I use a mosquito net at night, but often there’s at least one enterprising bug that makes it in under the hem of that. I read they’re attracted to carbon dioxide emissions, and other things the chemistry of our bodies produces. They’re amazingly well evolved for what they have to do, but I still wish they didn’t do it.

Now, dogs it seems, don’t react to mosquitoes’ anaesthetic saliva the way we do. They don’t itch. They get bitten, but when they’re scratching, it’s because of something else, not the mossies. I envy them that.

My four-legged buddy Rem, for example, has a particular sardonic expression for me when he sees me trying to swat the things. He looks up and out from the corner of his eye, giving the impression he’s seen through human antics by now, and thinks we’re nuts. At least, when I’m not feeding him, that is.

Mind you, he has thick fur, so he’s mostly protected against skeeters anyway. I’m getting him some anti-tick meds, because they also emerge with the rains, but mosquitoes aren’t his problem. And when I’ve tried explaining to him the drawback of not having thick body fur, he just gives me that look again, and goes back to sleep.

Sardonic

Rem being unconcerned about mosquitoes. (He was too wary of the camera to look properly sardonic).

He does, though, lunge at bigger bugs, snapping his jaws. And every year when we get a kind of round, brown flying beetle that comes into the house at night, he makes himself ill by trying to eat a few. But I get no help with controlling the mosquitoes, not from him nor from the other dogs.

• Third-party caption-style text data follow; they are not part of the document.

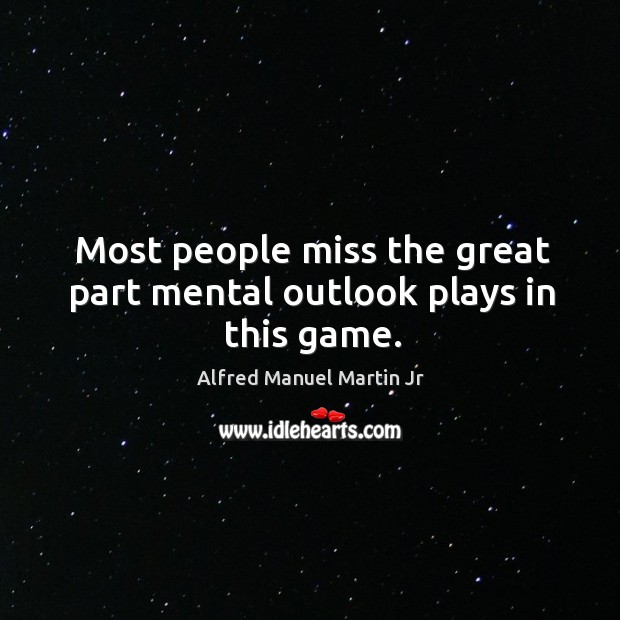 Most people miss the great part mental outlook plays in this game. Alfred Manuel Martin Jr Picture Quote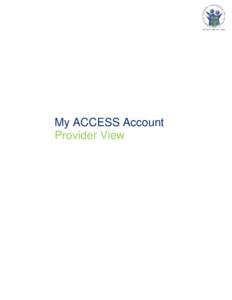 My ACCESS Account Provider View Table of Contents Overview ........................................................................................................................ 3 My ACCESS Screens....................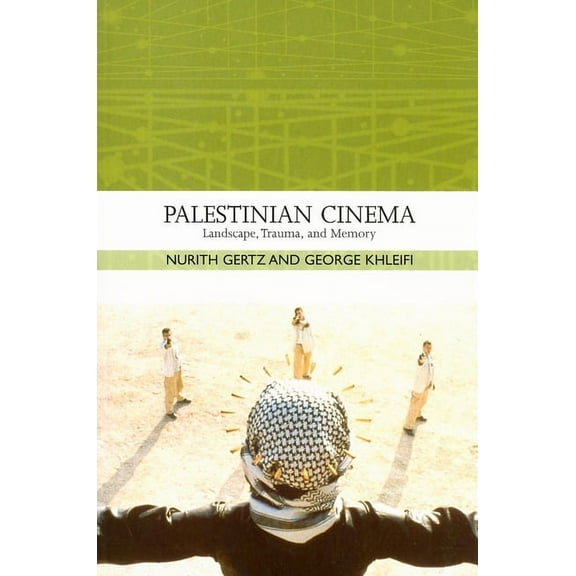 Palestinian Cinema: Landscape, Trauma, and Memory, (Paperback)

Citronella, despite its reputation, doesn’t seem to deter them much, and while I’ve heard they dislike cigarette smoke, that’s an aversion I share, so I’m not trying it. They come, they bite, and they ebb with the rains. That will put us in late October.

I’ll just have to keep swatting when I can, and being as tolerant as possible when I can’t. And Rem can keep on giving me that “Uh-huh, more useless effort” look.